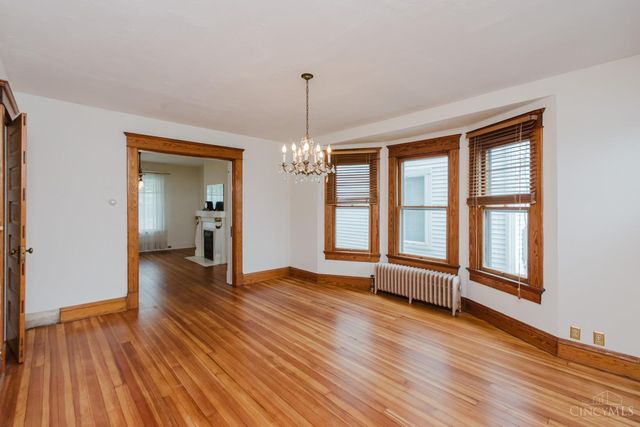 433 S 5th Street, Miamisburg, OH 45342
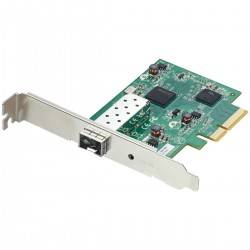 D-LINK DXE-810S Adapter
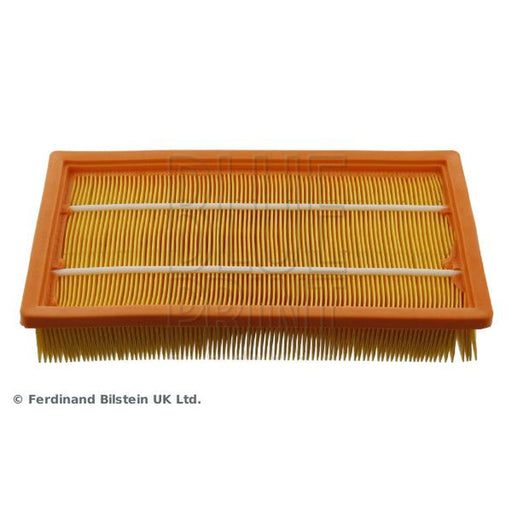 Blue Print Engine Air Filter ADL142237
-- -- --
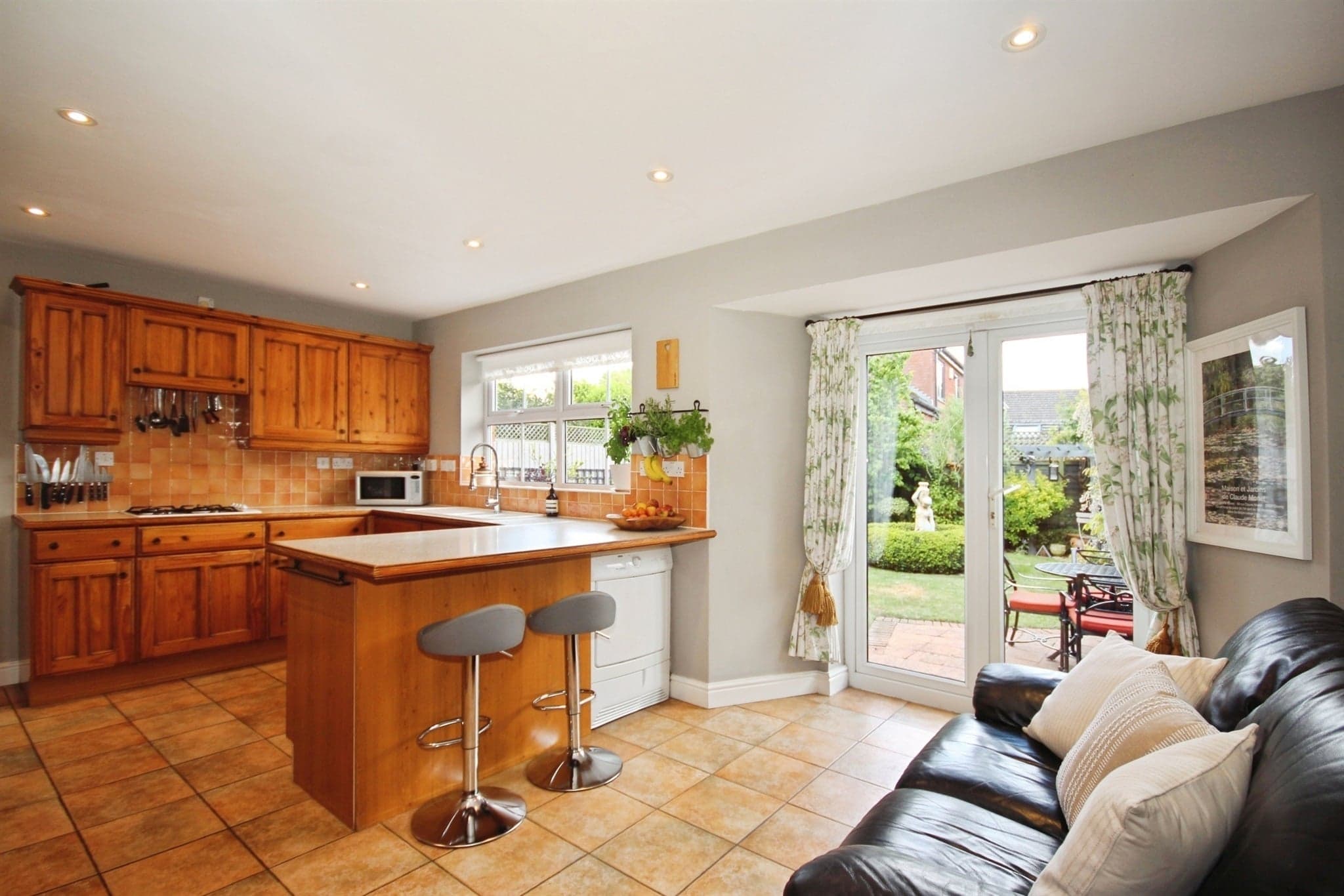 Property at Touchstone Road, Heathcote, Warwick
-- -- --
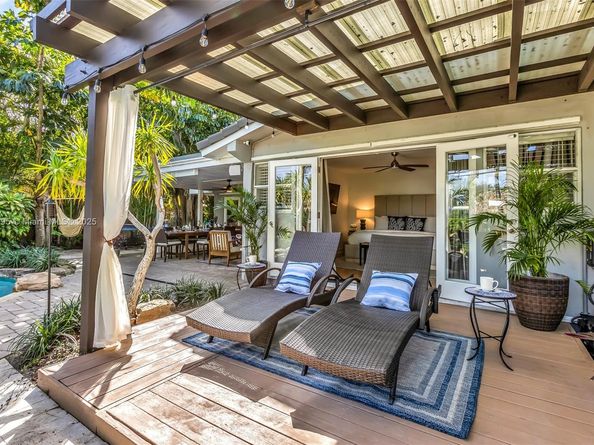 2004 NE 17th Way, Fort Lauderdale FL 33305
-- -- --
How to complete this task
Retype only the lines above from the one with "433 S 5th Street, Miamisburg, OH 45342" through the one with "Blue Print Engine Air Filter ADL142237", exactly and with both ends. Images stay out.

Result of this exercise
 433 S 5th Street, Miamisburg, OH 45342
 D-LINK DXE-810S Adapter
 Blue Print Engine Air Filter ADL142237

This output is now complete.